My code flow looks like the following
cudaMemcpy( dst, src, size, cudaMemcpyDeviceToDevice );
cudaDeviceSynchronize();
KernelCall
The above flow doesn’t work all the time and fails almost for 50% of calls giving incorrect values in the device pointer causing my cuda kernel to fail.
However, when I add a sleep between cudaMemcpy and kernel call, it works fine all the time.
cudaMemcpy( dst, src, size, cudaMemcpyDeviceToDevice );
usleep(200000); // sleep for 0.2 seconds.
KernelCall
the dst and src are arrays if int32_t of size 117,000,000.
The GPU where this program fails is NVIDIA Tesla P40.

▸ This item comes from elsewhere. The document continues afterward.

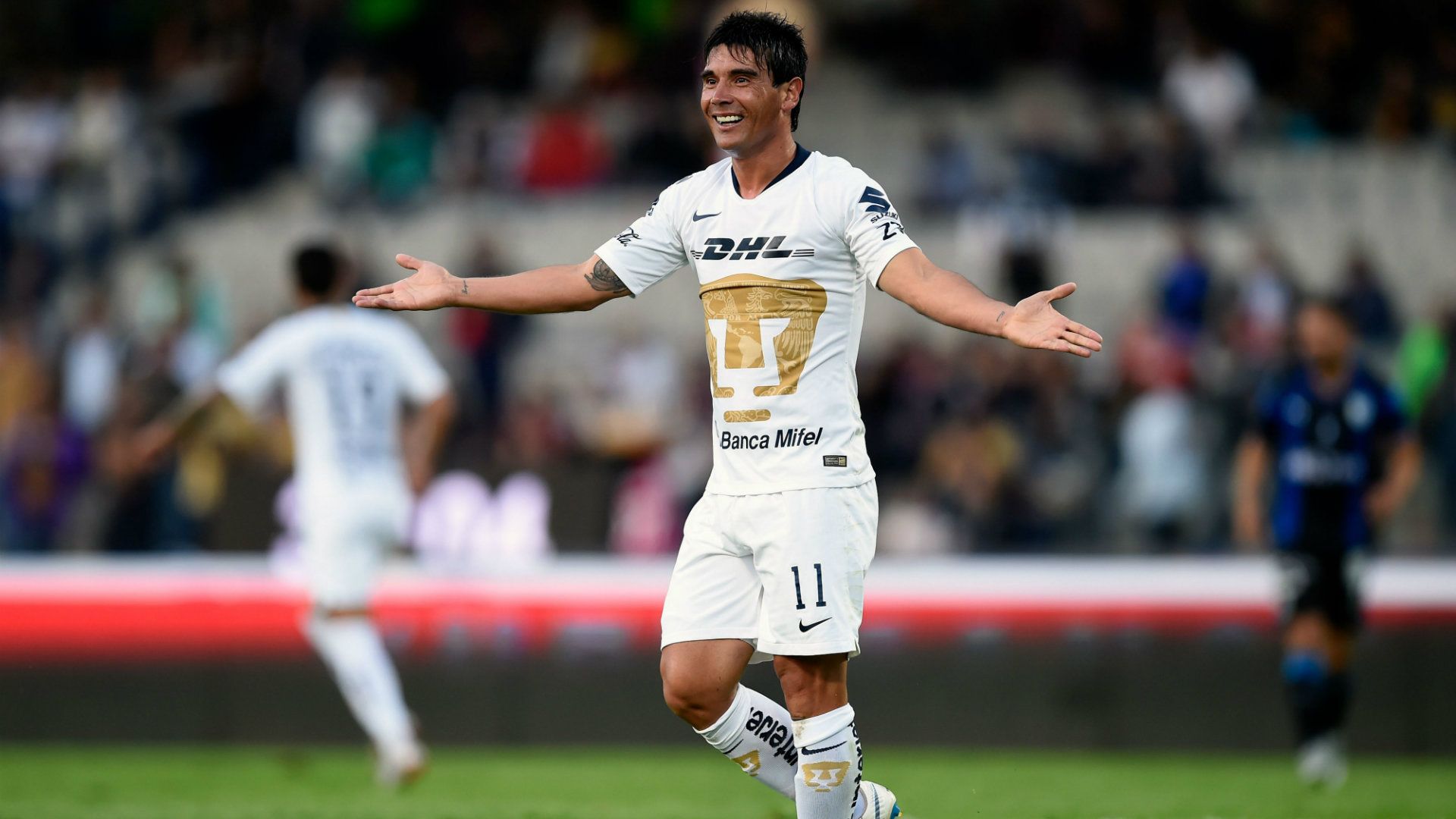 Matías Alustiza Liga MX Pumas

The same program works fine without usleep or cudaDeviceSynchronize when using NVIDIA GeForce GTX 1080 so it seems to be device specific but there can be other factors involved.
I did make sure the driver versions were same on both GPUs
I’m not sure why cudaDeviceSynchronize doesn’t work but usleep() works.
Also, whenever the program fails, I see the same value “1016296637” stored in all the locations on the device side.
Is is possible that cudaDeviceSynchronize doesn’t make CPU wait for the cudaMemcpy to finish?